Embora esquecido, o romantismo revolucionário representa uma dimensão crucial do pensamento de Marx e Engels. Ele se manifesta em seus escritos de múltiplas formas, das quais uma das mais importantes é provavelmente sua concepção do comunismo moderno enquanto restabelecimento de certos traços das comunidades primitivas. Como escreveu Marx em sua carta de 1881 para Vera Zassulitsch, a abolição revolucionária do capitalismo significará "o retorno (Rückkehr) das sociedades modernas ao tipo 'arcaico' de propriedade comunitária" ou, mais precisamente, "um renascimento do tipo de sociedade arcaica sob uma forma superior". Um renascimento que integra, conseqüentemente, todas as conquistas técnicas da civilização européia moderna2. Para ele, não se trata de uma simples referência histórica: nos países - como a Rússia - onde a comunidade rural havia conseguido manter-se (pelo menos parcialmente), ela poderia servir diretamente de ponto de partida para a transição ao socialismo.

É em linha de ruptura deliberada com essas idéias de Marx, que não deixavam de apresentar pontos em comum com as dos populistas russos, que Plekhanov irá formular sua doutrina pretensamente "marxista ortodoxa", que exalta o progresso capitalista e proclama a necessidade inevitável de uma etapa histórica democrático-burguesa para tirar a Rússia de seu atraso feudal e asiático - dogma menchevique do qual se reivindicam, sob diversas e variadas formas, todos os críticos (stalinistas ou apristas) de Mariátegui.

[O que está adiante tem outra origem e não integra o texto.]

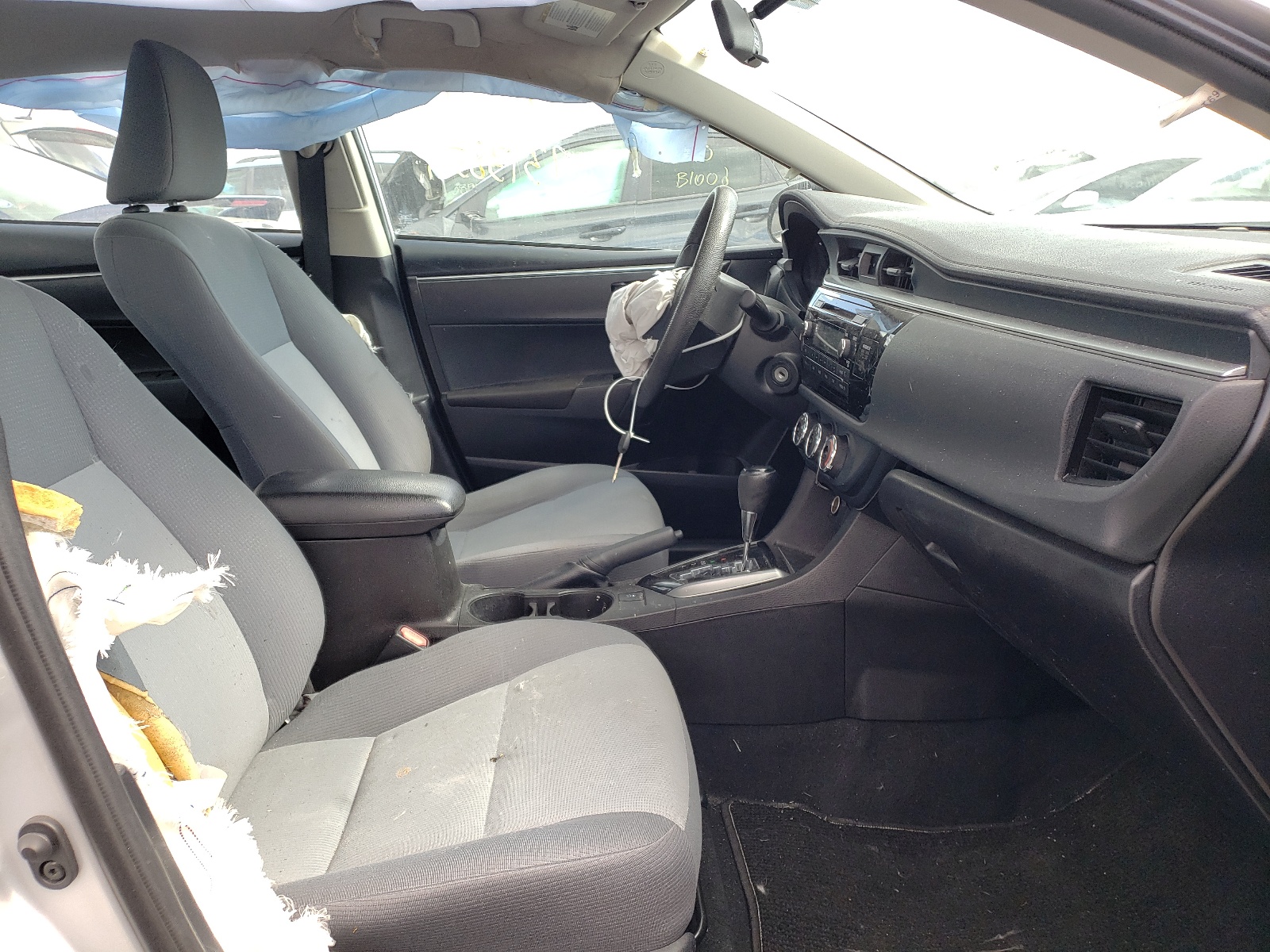 Фото 5 с аукциона – 2014 TOYOTA COROLLA L с VIN 5YFBURHEXEP070684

A partir do final do século XIX, surgem assim duas tendências no interior do marxismo: uma corrente positivista e evolucionista, para a qual o socialismo nada mais é do que a continuidade e o coroamento da civilização industrial/burguesa - Plekhanov, Kautsky e seus discípulos na II e III Internacionais -, e uma corrente que poderíamos designar romântica, na medida que critica as "ilusões do progresso" e esboça uma dialética utópico-revolucionária entre o passado pré-capitalista e o futuro socialista - de William Morris aos marxistas ingleses atuais (E. P. Thompson, Raymond Williams), de Lukács e Bloch a Walter Benjamin e Herbert Marcuse.

Mariátegui e o romantismo

José Carlos Mariátegui é parte dessa corrente, de um modo original e em um contexto latino-americano muito diferente do britânico ou o da Europa Central. Durante sua estada na Europa, Mariátegui assimilou simultaneamente o marxismo e certos aspectos do pensamento romântico contemporâneo: Nietzsche, Bergson, Miguel de Unamuno, Sorel, o surrealismo.

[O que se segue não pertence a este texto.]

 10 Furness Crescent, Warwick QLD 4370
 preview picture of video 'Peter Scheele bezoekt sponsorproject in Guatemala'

A visão de mundo romântico-revolucionária de Mariátegui, tal qual a formula em seu célebre ensaio Dos concepciones de la vida, de 1925, opõe ao que ele denomina "a filosofia evolucionista, historicista, racionalista", com seu "culto supersticioso do progresso", a aspiração a um retorno ao espírito de aventura, aos mitos heróicos, ao romantismo e ao donquixotismo (termo que ele recupera de Miguel de Unamuno). Com essa postura, Mariátegui se autoproclama dos pensadores que, como Georges Sorel, refutaram as ilusões do progresso. Duas correntes românticas, que rejeitam essa "rasa e confortável" ideologia positivista, se enfrentam em uma luta à morte: o romantismo de direita, fascista, que quer retornar à Idade Média, e o romantismo de esquerda, comunista, que quer avançar até a utopia. Despertadas pela guerra, as "energias românticas do homem ocidental" encontraram uma expressão na Revolução Russa, que conseguiu conferir à doutrina socialista "uma alma combatente e mística"3

Em um outro artigo "programático" da mesma época, "El hombre y el mito", Mariátegui se regozija com a crise do racionalismo e o desmoronamento do "medíocre edifício positivista". Frente à "alma desencantada" da civilização burguesa a que faz referência Ortega y Gasset, ele torna sua a "alma encantada" (Romain Rolland) dos criadores de uma nova civilização. O mito (no sentido soreliano) é a sua resposta ao entzauberung der Welt [desencantamento com o mundo] (Weber) e à perda de sentido, nesta passagem admirável, carregada de exaltação romântica, que parece prefigurar a Teologia da Libertação:

"A inteligência burguesa se satisfaz com uma crítica racionalista do método, da teoria, da técnica dos revolucionários. Que incompreensão! A força dos revolucionários não reside em sua ciência e sim em sua fé, sua paixão, sua vontade. É uma força religiosa, mística, espiritual. É a força do Mito. A emoção revolucionária (...) é uma emoção religiosa. As motivações religiosas se deslocaram do céu para a terra. Elas não são divinas, mas humanas e sociais"4.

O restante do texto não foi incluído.